Ausência em presença.

6,0

Em meio a uma série de filmes do cinema contemporâneo que empreendem um grande esforço para serem peculiares e diferentes - e quase invariavelmente se adequam a modelos bem definidos e limitadores – este A Bela Adormecida (Sleeping Beauty, 2011), filme de estréia da australiana Julia Leigh, consegue de fato sê-lo, para o bem ou para o mal. Apadrinhada por Jane Campion - única diretora a ganhar a Palma de Ouro na história - que “apresenta” o filme, Leigh constrói um filme silencioso, soturno e de fato bastante estranho.

Lucy é uma jovem de classe média baixa, que faz de tudo para “sobreviver”. Por tudo entenda-se de maneira literal: sem restrições, ela aceita desde trabalhos convencionais até serviços de acompanhantes de executivos, assim digamos. Em um deles, ela vive uma espécie de personagem e aceita ser sedada para servir a clientes com fetiches necrófilos: querem ter momentos íntimos com uma mulher que dorme (em coma? Morta?) e para isso desembolsam alto. O título do filme, portanto, faz alusão a uma de suas atividades, ao mesmo tempo em que evoca ironicamente o célebre conto de fadas homônimo.

O fato é que Lucy é uma jovem que está sempre em busca de trabalho, não importa quantos, nem quais, ela é quase que totalmente movida por essa força que, paradoxalmente, a mantém paralisada enquanto outros realizam seus mórbidos desejos em seu corpo inerte. Em sua urgência, Lucy lembra Rosetta, a personagem síntese do cinema dos irmãos Dardenne – a diferença é que Rosetta vive de fato uma situação materialmente deplorável e esta tem relação decisiva com seu desespero existencial, enquanto que Lucy, ainda que em situação claramente desconfortável, nunca é mostrada como alguém cuja necessidade é realmente compatível com sua obsessiva sanha produtiva.

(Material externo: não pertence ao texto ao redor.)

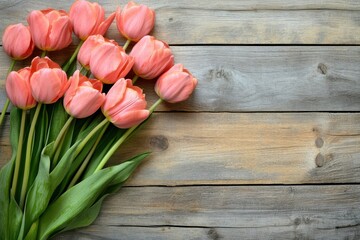 A beautiful bouquet of fresh pink tulips displayed on a rustic wooden background. This image captures the essence of spring and elegance, perfect for decor.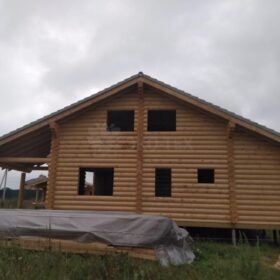 Фото дома и бани из оцилиндрованного бревна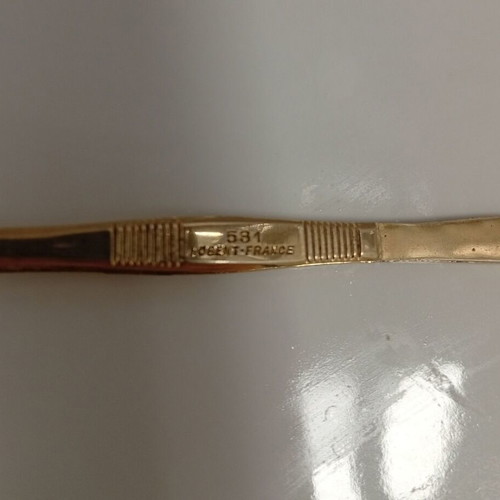 French vintage tweezers used, likely gold-plated from Nogent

A personagem de Julia Leigh é sempre mais distante, inalcançável, mantendo um mistério essencial que transborda nos longos planos fixos e abertos do filme (ao contrário da câmera epitelial e inquieta dos Dardenne). Lucy é mostrada plena, nua, sem pudores, em situações incômodas e constrangedoras, mas seu interior, sua alma, serão sempre fragmentados numa narrativa fantasmagórica, espectral, incompleta. Pode-se argumentar que o filme não consegue manter sua força ao crer demais em uma articulação que se esgota no durante, ou seja, não é capaz de construir uma aura suficientemente misteriosa em torno da personagem, e o que seria angústia e dúvida passa a ser monotonia dramática e também visual. Em sua atitude essencialmente moderna, pois, estaria também seu perigo. Seria Lucy construída para dizer respeito a um tempo cuja intangibilidade escapa à dramaturgia e também a toda metafísica, onde o corpo vira de fato um algo destituído de uma individualidade perceptível? Ao contrário de uma Laura Palmer ou uma Rebecca, intensas presenças em ausência, Lucy é a ausência em presença.

De toda maneira, o desfecho de Sleeping Beauty abre possibilidades curiosas, sendo certamente o plano mais interessante e enigmático de todo o filme, que continua conosco ao fim da projeção e que talvez abra uma fresta de ar em toda essa intangibilidade. Leigh, afinal,  constrói um filme de fato intrigante, o que, se não é muita coisa, pouca também não é.

Visto no Festival de Cannes 2011.

Comentários (1)

Marjorie Belanno | terça-feira, 29 de Novembro de 2011 - 00:35

Gostei bastante, mas pelo título e sinopse eu esperava mais, principalmente em termos de construção psicológica.